PROBLEM TO SOLVE
Produce a verbatim copy of the data below that contains no pictures.

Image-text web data
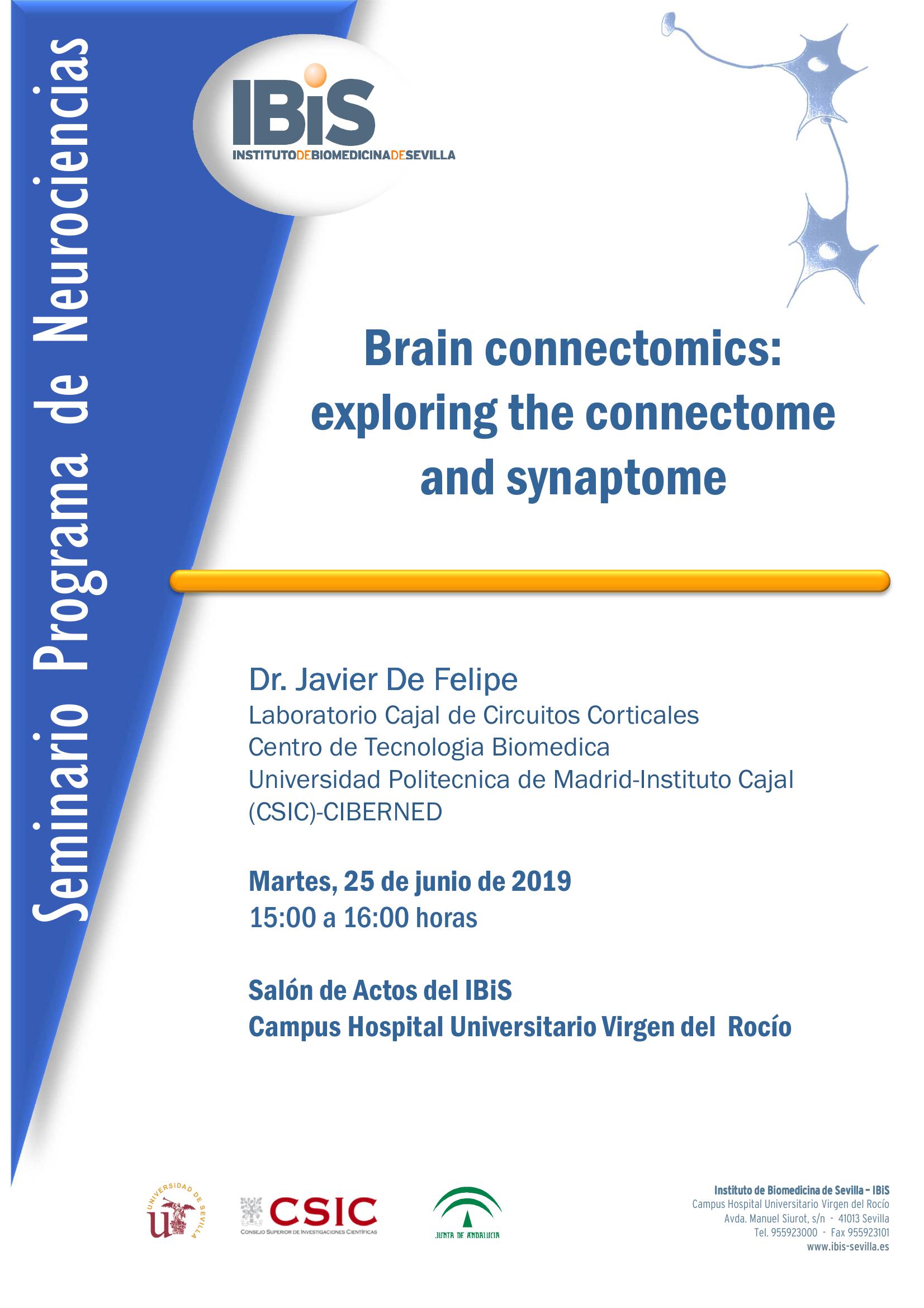 Poster: Brain connectomics:  exploring the connectome  and synaptome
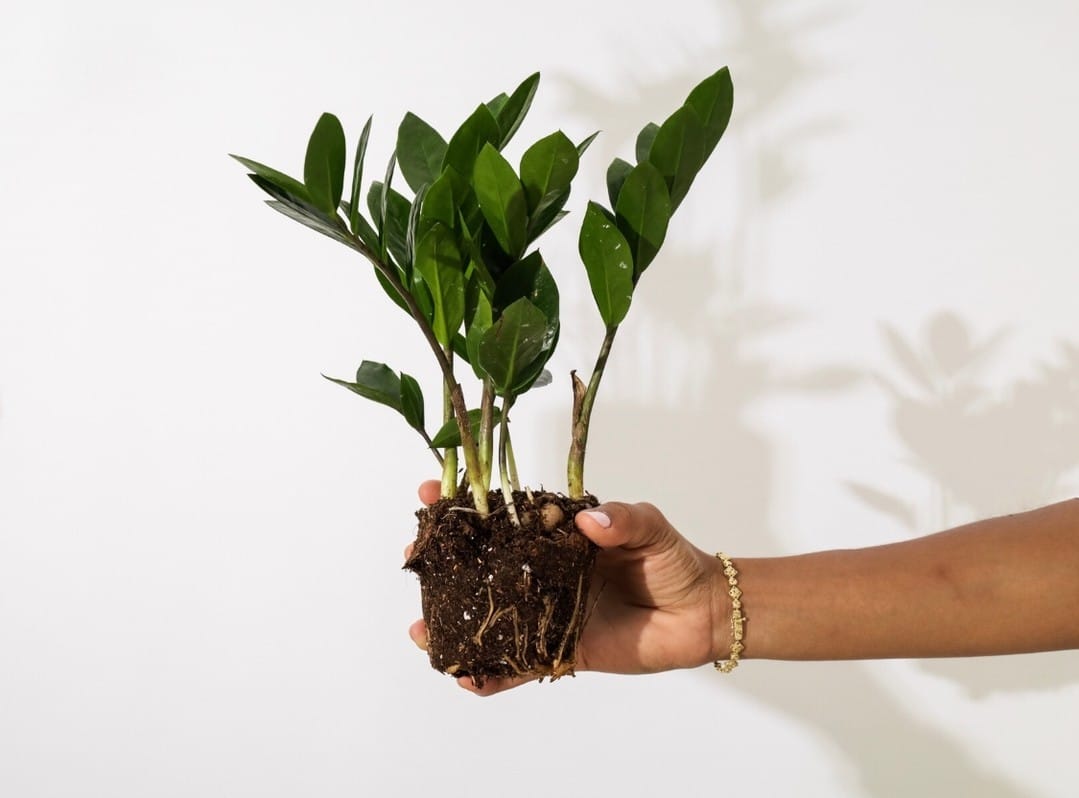 Post 6 by The Nice Plant on Instagram (image)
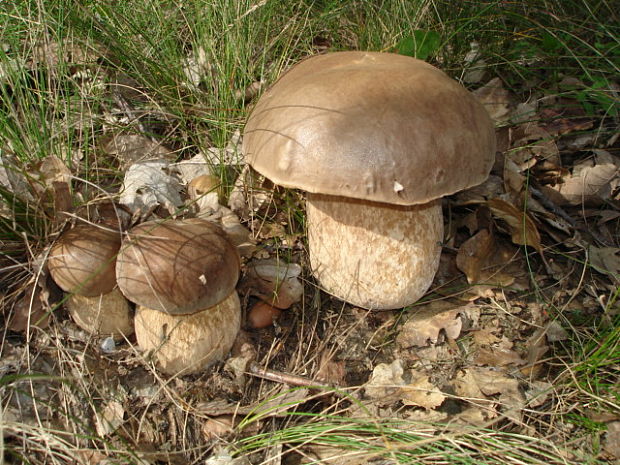 hríb dubový? Boletus reticulatus? Schaeff. ex Boud.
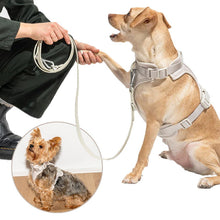 Load image into Gallery viewer, grey dog vest harnesses 
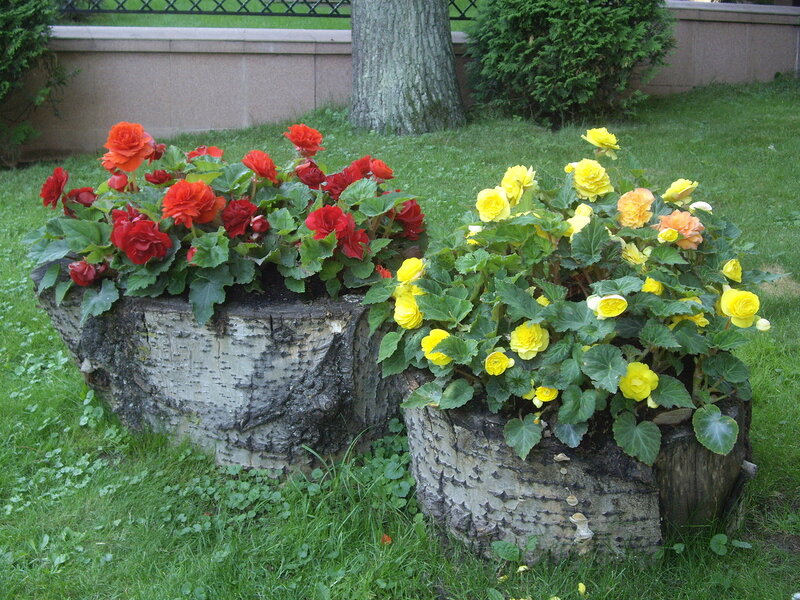 Бегония - 95 фото идей применения растения в оформлении и украшении сада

WRITTEN SOLUTION
 Poster: Brain connectomics:  exploring the connectome  and synaptome
 Post 6 by The Nice Plant on Instagram (image)
 hríb dubový? Boletus reticulatus? Schaeff. ex Boud.
 Load image into Gallery viewer, grey dog vest harnesses 
 Бегония - 95 фото идей применения растения в оформлении и украшении сада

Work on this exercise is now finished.